Level 9 Valued Member
Elite Certified Instructor
I just go by when the HR text changes color for the zones to start/stop.
That's right, I forgot about that. The HR zones are customizable, and the text of the HR display color change is easy to see. (Steve, that's on the free Polar Beat app.)
 

Steve Freides

Staff
Senior Certified Instructor
Elite Certified Instructor
All that assumes my wife will actually look at the watch - not a valid assumption in this case. She often reads, watches TV, or whatever else between sets. Like I said, she's not a terribly compliant client. Setting off the home smoke detectors is more what I'm looking for. :)

-S-
 

Steve Freides

Staff
Senior Certified Instructor
Elite Certified Instructor
What about something with an electric shock :eek:
Good idea.

Do you two train together?
No.

She someone got the idea - good - that it's OK to train grinds in widely separated sets, so she's taken to watching TV and doing presses during commercials, and things like that. She seems to think this applies to conditioning work - bad - and I won't be able to dissuade her from her habit, so having some sort of alarm go off when it's time for the next set is the solution.

-S-
 

Phil12

Level 7 Valued Member
We don't want a watch, I'm pretty sure. We something that works with the phone, especially since there may be presses and/or snatches and/or other things where a watch could get squished.
When I'm using my watch with lifting, I just set it on the shelf. The chest strap has pretty decent range.

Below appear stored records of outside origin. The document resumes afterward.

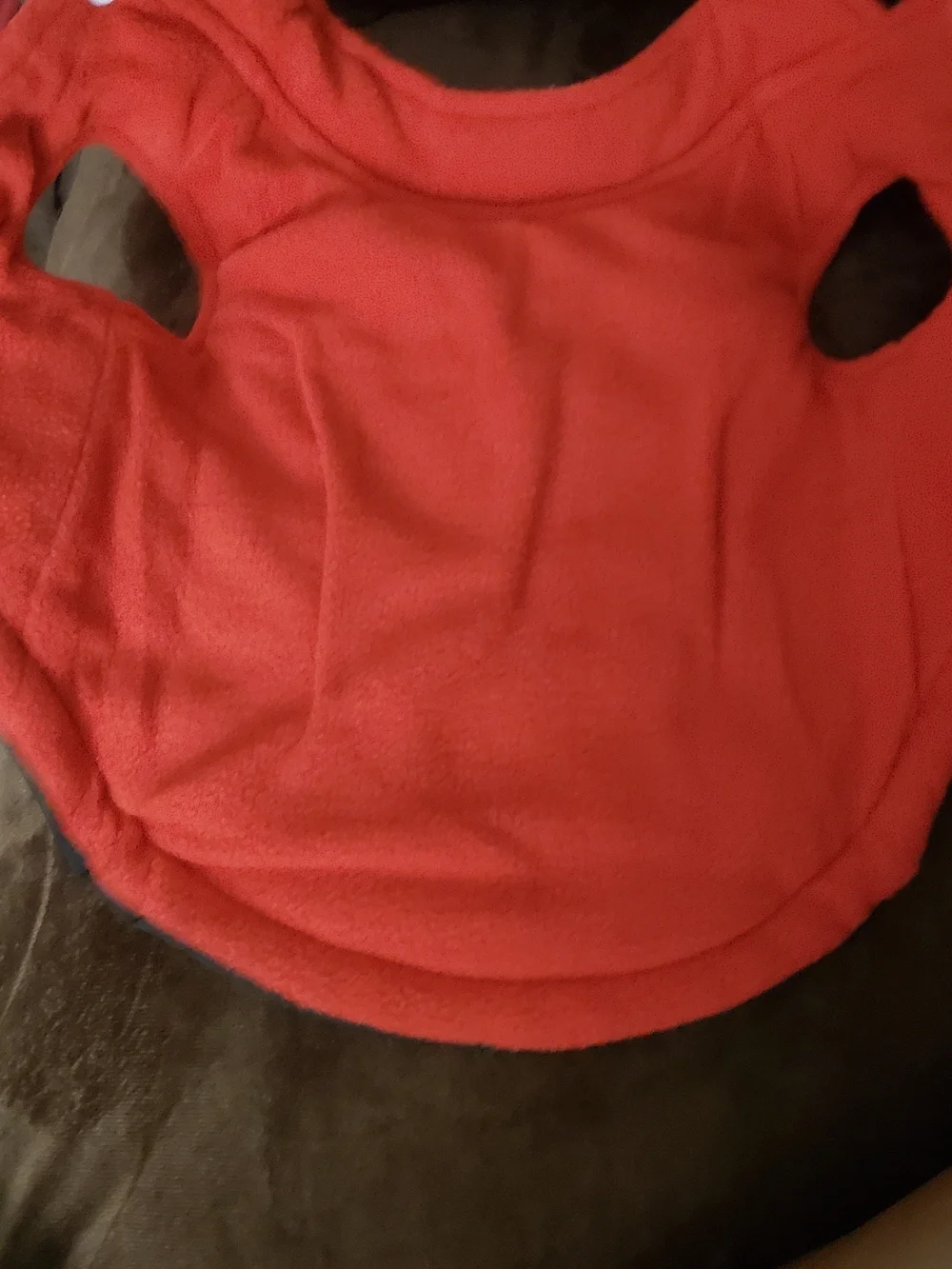 PetSoo Colorblock Dog Puffer Coat - Red/Gray/Black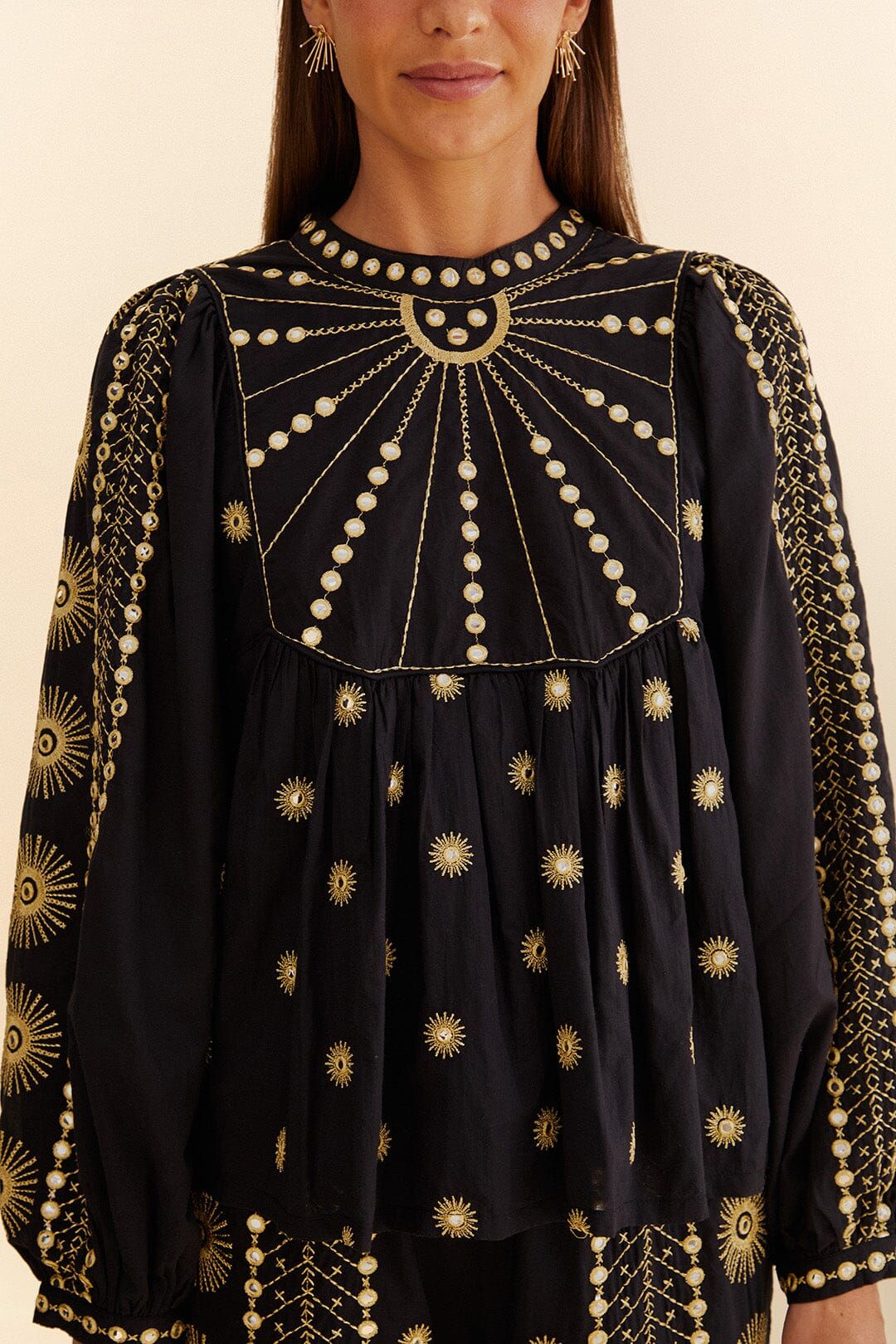 Sun Embroidered Blouse #5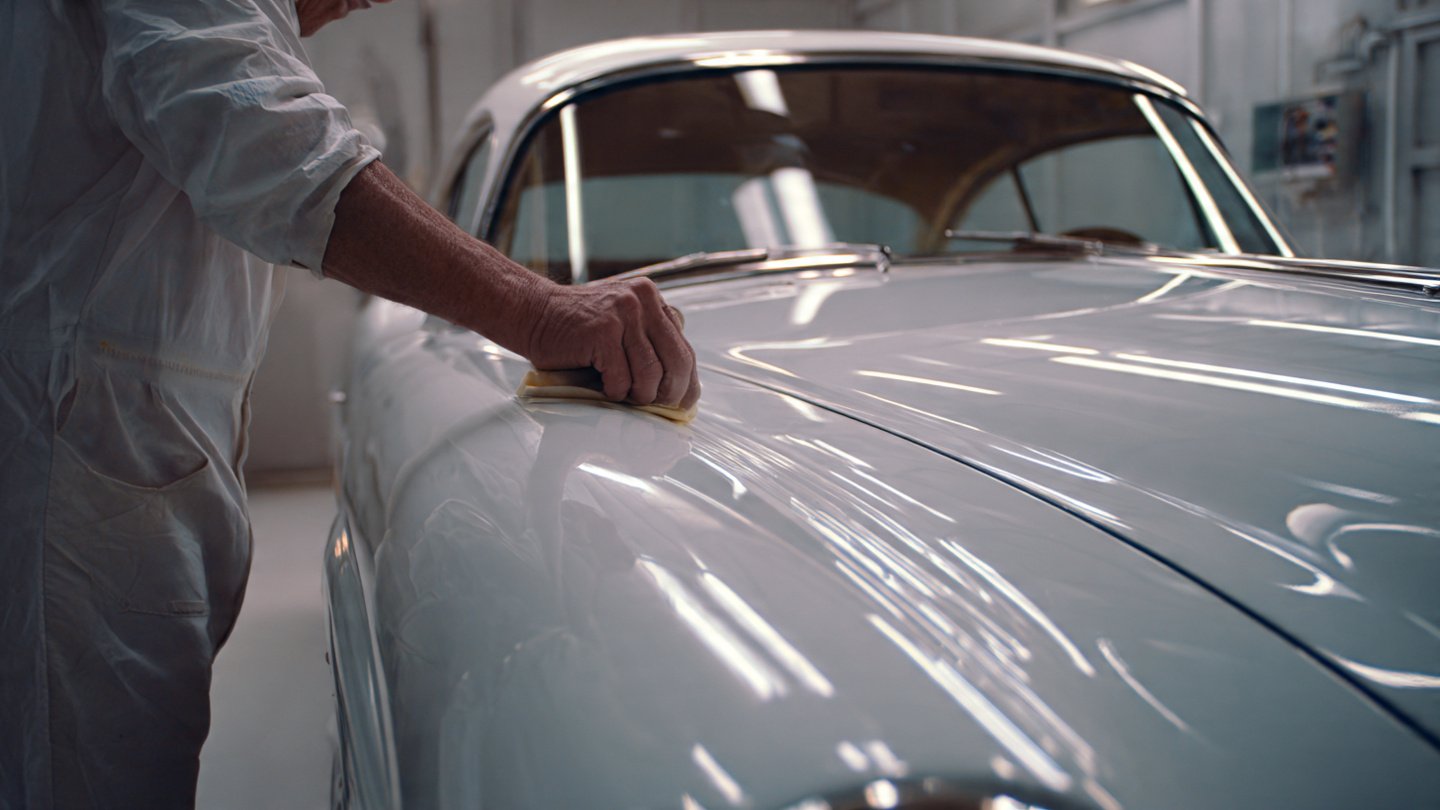 A simple pantry powder rubbed on car plastics restores a deep factory sheen that even surprises seasoned mechanics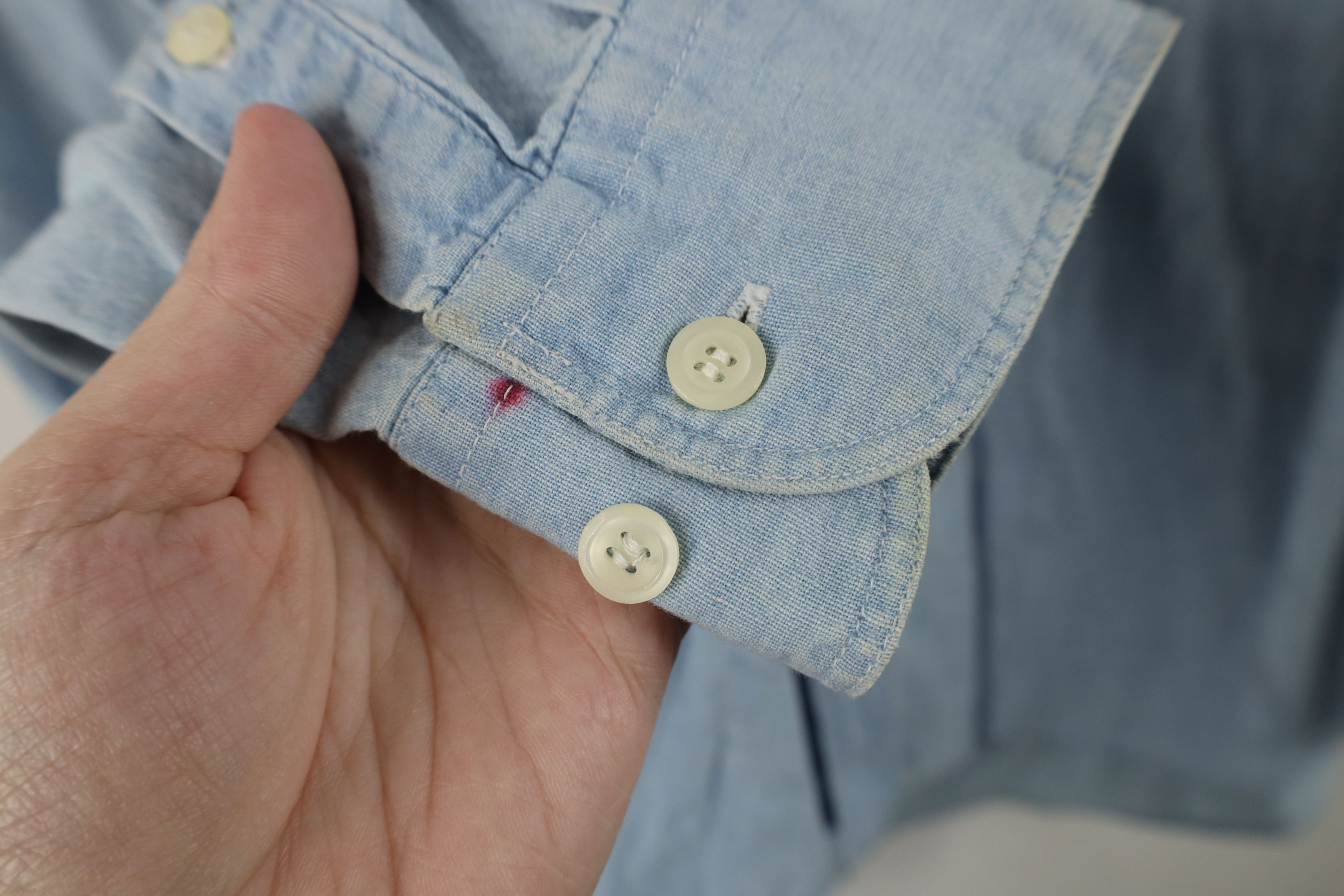 Gap Vintage 90s Gap Denim Jean Collared Button Down Shirt Blue Size US M / EU 48-50 / 2 - 6 Thumbnail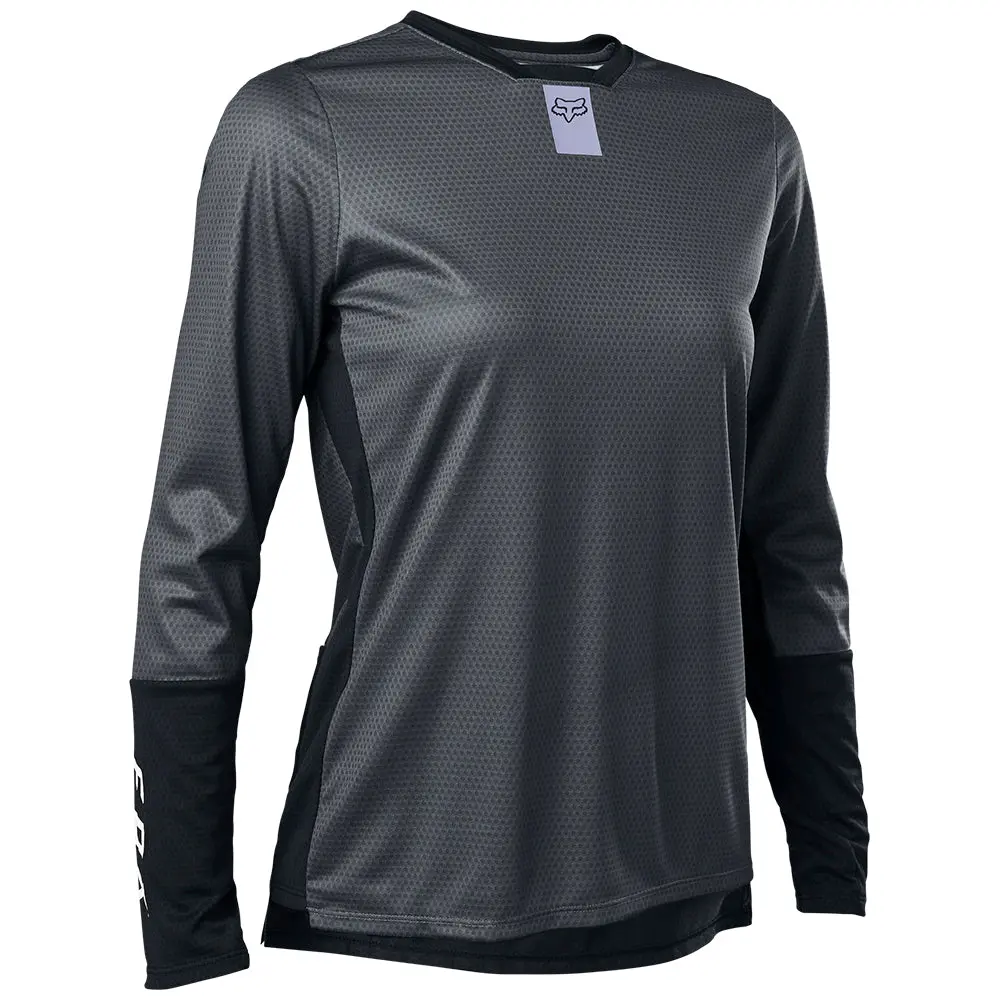 Fox Womens Defend Ls Jersey [Dark Shadow] 1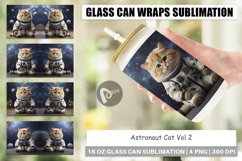Glass Can Wraps Astronaut Cat Product Image 1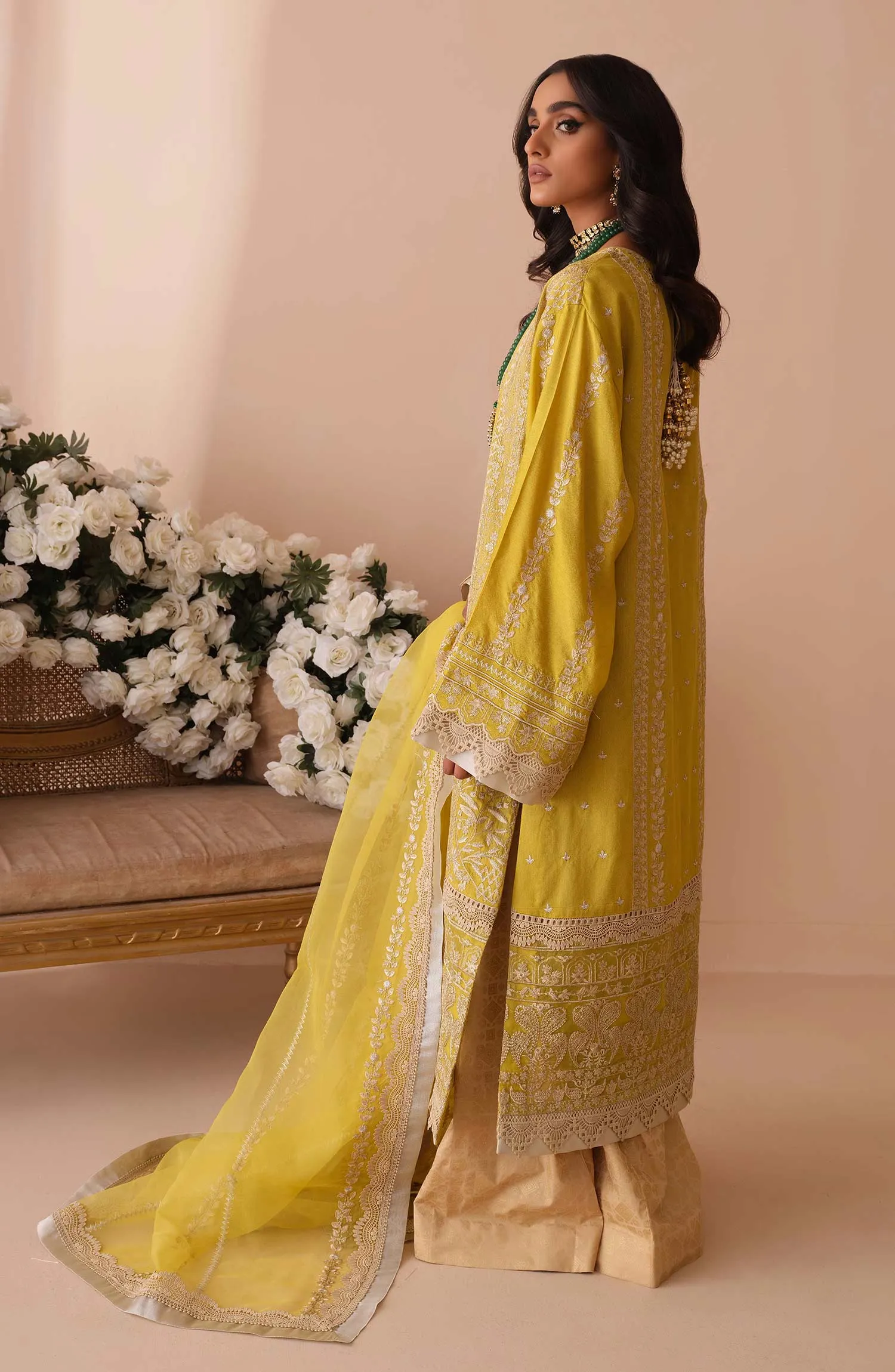 Embroidered Salwar Kameez Dupatta Pakistani Party Wear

I'm using a Forerunner 15 and it does have a heart rate alarm that will chirp at you when you go below/above, although I personally wish I had gotten one of the bluetooth chest straps to pair with my phone (one less gadget I have to charge and manage).
 

Tobias Wissmueller

Level 6 Valued Member
@Steve Freides I can confirm, that there are no HR-alarms within Polar apps, but Runtastic definitely has that. I wanted that feature as well. Instead am now using a timer, but that required me to figure out the weight and rest times for a while. Of course, not everyday is the same, but its a good approximation.

@Anna C Here is a link to the new H10, not available, yet. Biggest improvement in my opinion: Built in memory for one session to be able to workout without additional phone or watch to carry around with.
 

Steve Freides

Staff
Senior Certified Instructor
Elite Certified Instructor
@Tobias Wissmueller, Runtastic is an app that runs on iPhone, so that will work for us in principle.

What I want is simple - an alarm or bell to sound when the heart rate reaches a lower threshold so my wife can know it's time to do her next set of swings. There are apparently quite a few in-app purchases - do you know which, if any, I will need to make this happen?

-S-
 

Al Ciampa

Level 8 Valued Member
Certified Instructor
No.

She someone got the idea - good - that it's OK to train grinds in widely separated sets, so she's taken to watching TV and doing presses during commercials, and things like that. She seems to think this applies to conditioning work - bad - and I won't be able to dissuade her from her habit, so having some sort of alarm go off when it's time for the next set is the solution.
What I was getting at is that you could be her alarm.